Segment Start: Data

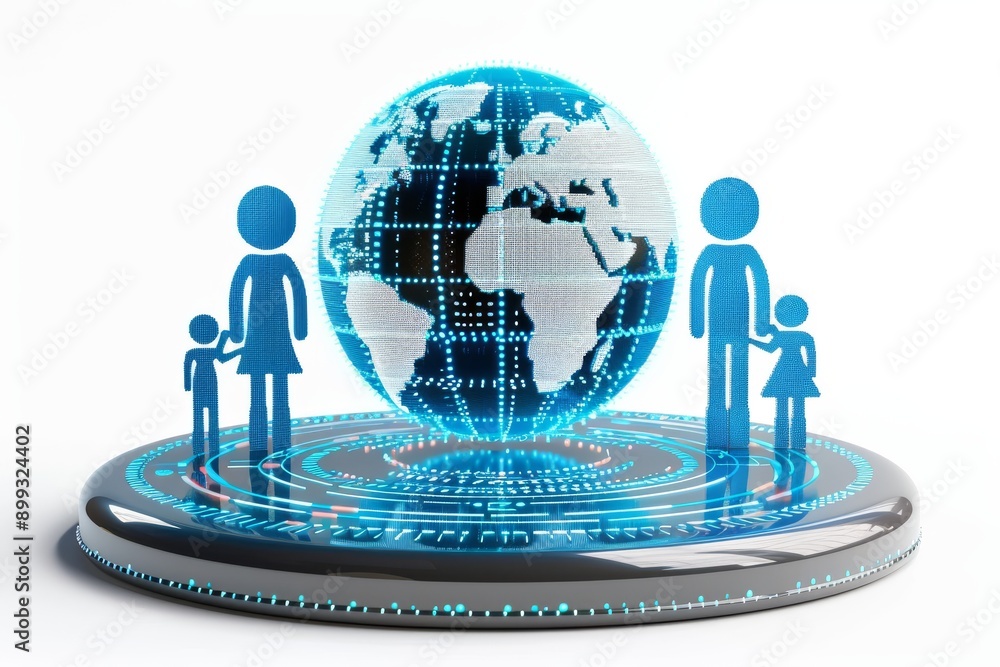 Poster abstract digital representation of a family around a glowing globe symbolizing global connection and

Segment End: Data
Segment Start: Data

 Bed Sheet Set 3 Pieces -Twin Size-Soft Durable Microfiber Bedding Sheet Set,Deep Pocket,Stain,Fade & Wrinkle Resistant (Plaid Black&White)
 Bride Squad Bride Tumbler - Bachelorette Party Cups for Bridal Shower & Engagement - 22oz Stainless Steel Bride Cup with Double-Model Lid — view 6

Segment End: Data
Segment Start: Data

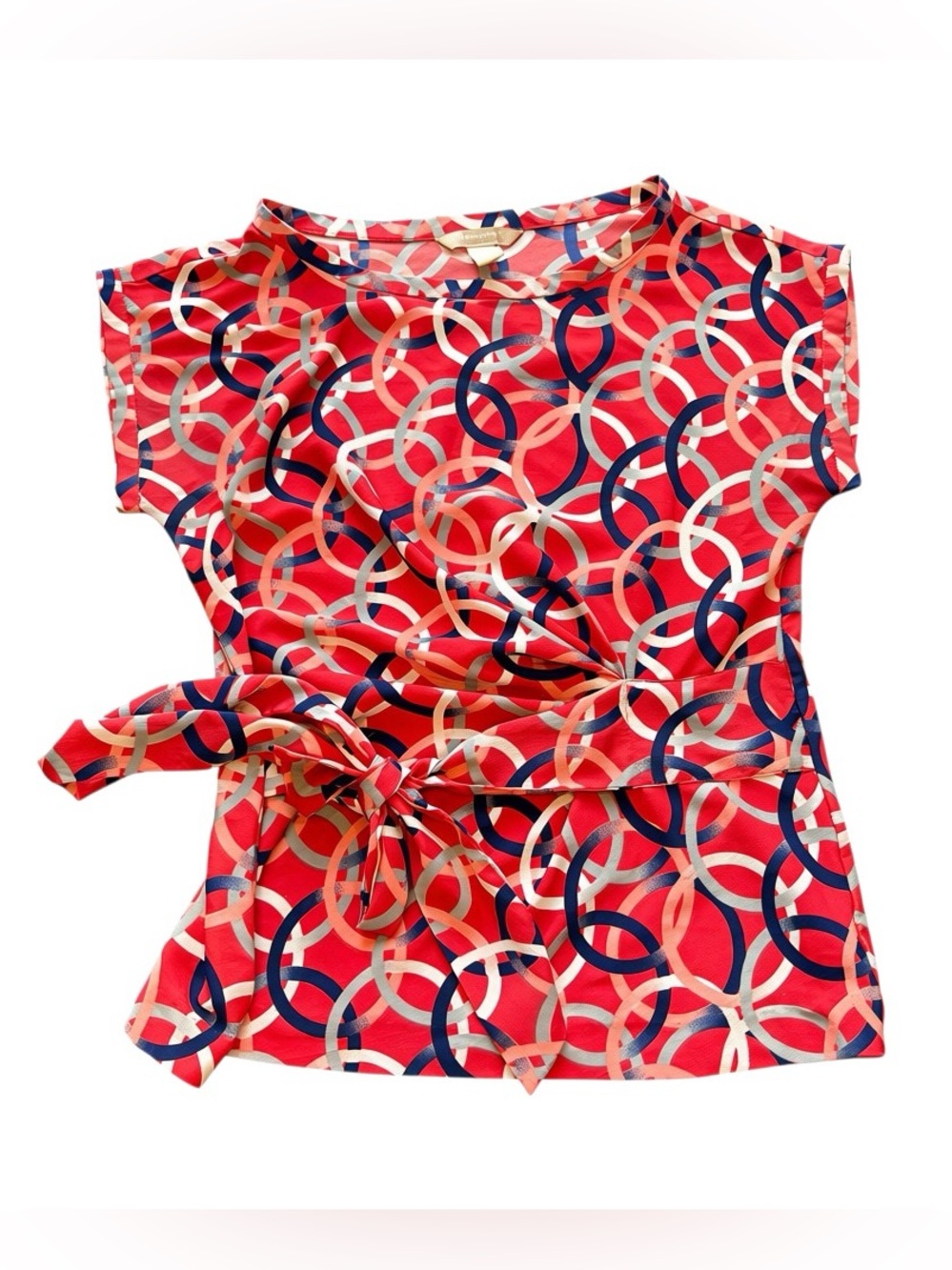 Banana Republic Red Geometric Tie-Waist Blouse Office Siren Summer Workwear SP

Segment End: Data

▶ [How to complete this task]
Please give back exactly the lines of the listing above that run from the one containing "Bed Sheet Set" through the one containing "Bride Squad Bride", and only those.

▶ [Response to this exercise]
 Bed Sheet Set 3 Pieces -Twin Size-Soft Durable Microfiber Bedding Sheet Set,Deep Pocket,Stain,Fade & Wrinkle Resistant (Plaid Black&White)
 Bride Squad Bride Tumbler - Bachelorette Party Cups for Bridal Shower & Engagement - 22oz Stainless Steel Bride Cup with Double-Model Lid — view 6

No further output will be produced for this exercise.